Wednesday, December 26, 2001

By Joe Smydo, Post-Gazette Staff Writer

Andrew Carnegie could not have foreseen the day when terror would rain from the skies over New York, Virginia and rural Pennsylvania. But the heroism that followed wouldn't have surprised the Pittsburgh industrialist.

The Carnegie Hero Fund Commission, Downtown, this year honored 112 people who risked or lost their lives trying to save others from house fires, automobile accidents, even a raging, 2,200-pound bull.

However, commission officials said they may never be able to single out for recognition some of the most heralded heroes of this age -- men and women who acted valiantly amid the smoke, fire and fear of Sept. 11.

"We frankly have our limitations," said Walter F. Rutkowski, the commission's executive director.

Faced with the difficulty of verifying individual accounts of heroism, the sheer number of potential heroes and the fear of overlooking any deserving person, the commission adopted a resolution Oct. 4 honoring as a group those "who gave of themselves in behalf of others and especially those whose response was their last."
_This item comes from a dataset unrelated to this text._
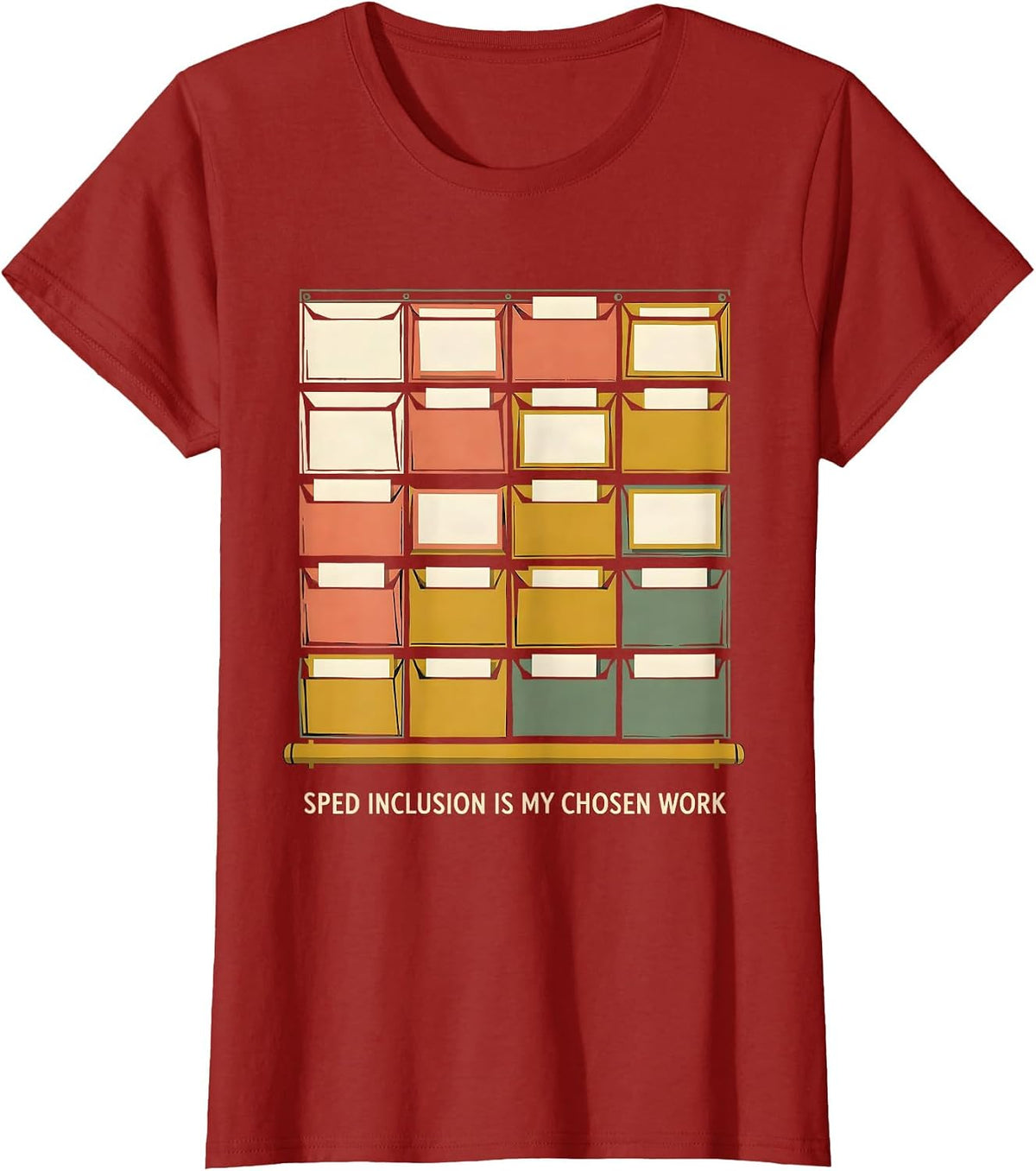 SPED Inclusion Is My Chosen Work Inspirational Teacher T-Shirt, Women, Cranberry Red, 3X-Large - As Pictured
The resolution is posted on the commission's Web site at It recognizes police officers, firefighters and volunteer rescuers; people who delayed their escape from the World Trade Center to help others; and the passengers of United Flight 93, who are believed to have fought to retake their hijacked plane over Western Pennsylvania "and thereby limited the loss of life to their own."
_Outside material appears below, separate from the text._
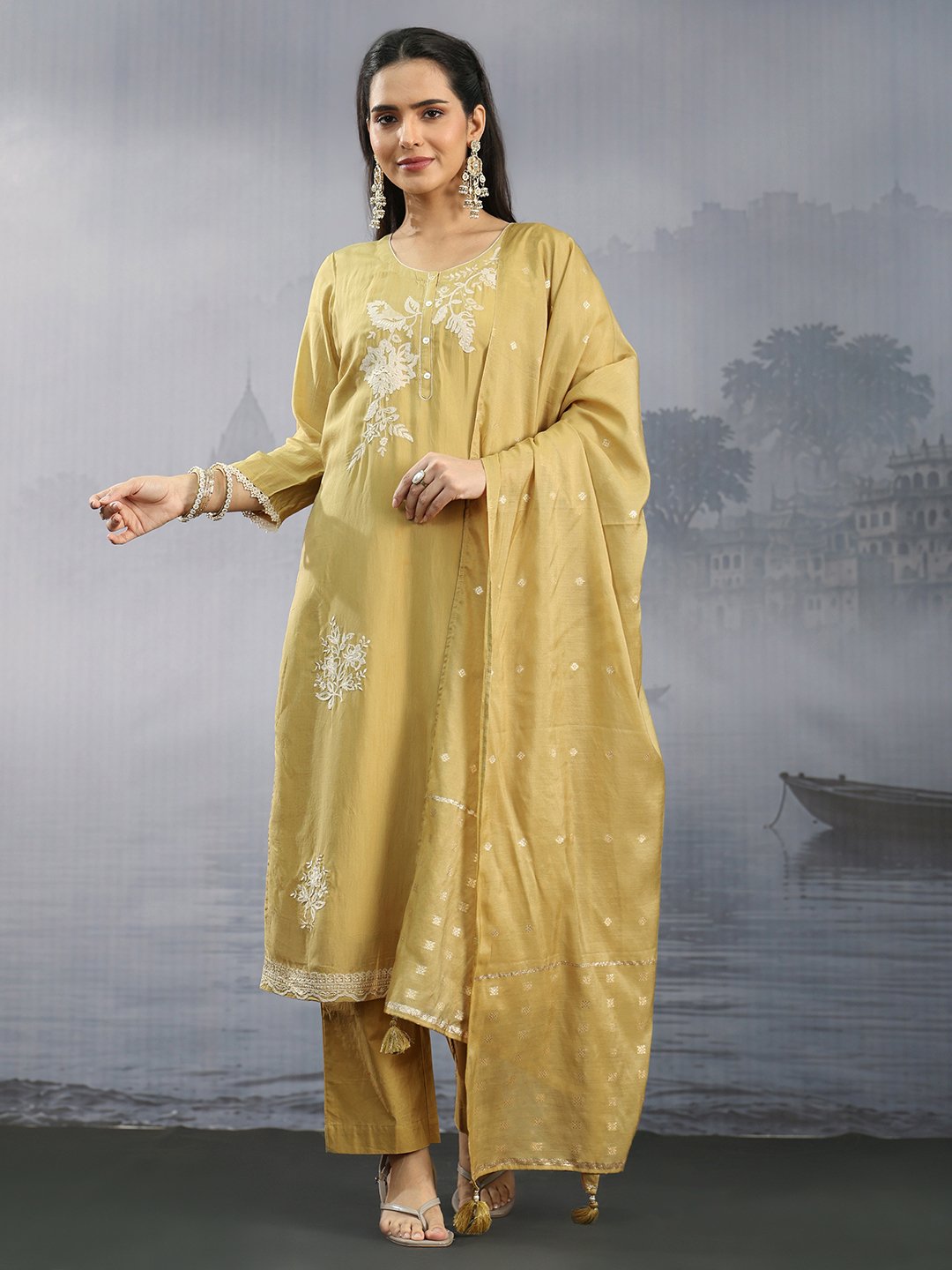 Mustard Embroidered Chanderi Kurta Set with Dupatta and Straight Pants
The commission allocated $100,000 for aid to the victims' families. Rutkowski said the money has not yet been disbursed and may go to a charitable foundation serving the families rather than to the families directly.

In typical cases, the commission honors heroes with the bronze Carnegie Medal and $3,500. If a person becomes injured or disabled while performing a heroic act, the commission may award continuing benefits. If a person dies during the heroic act, family members are eligible for financial benefits.

Since it was established in 1904, the commission has awarded more than $25 million to about 8,500 medal recipients and their dependents in the United States and Canada.

Tom Butler, spokesman for Uniformed Firefighters Association Local 94 in New York, said the commission is "very much on target" with the resolution honoring Sept. 11 heroes en masse. He said his union and a fellow union representing higher-ranking fire department officers together lost 343 members at the World Trade Center.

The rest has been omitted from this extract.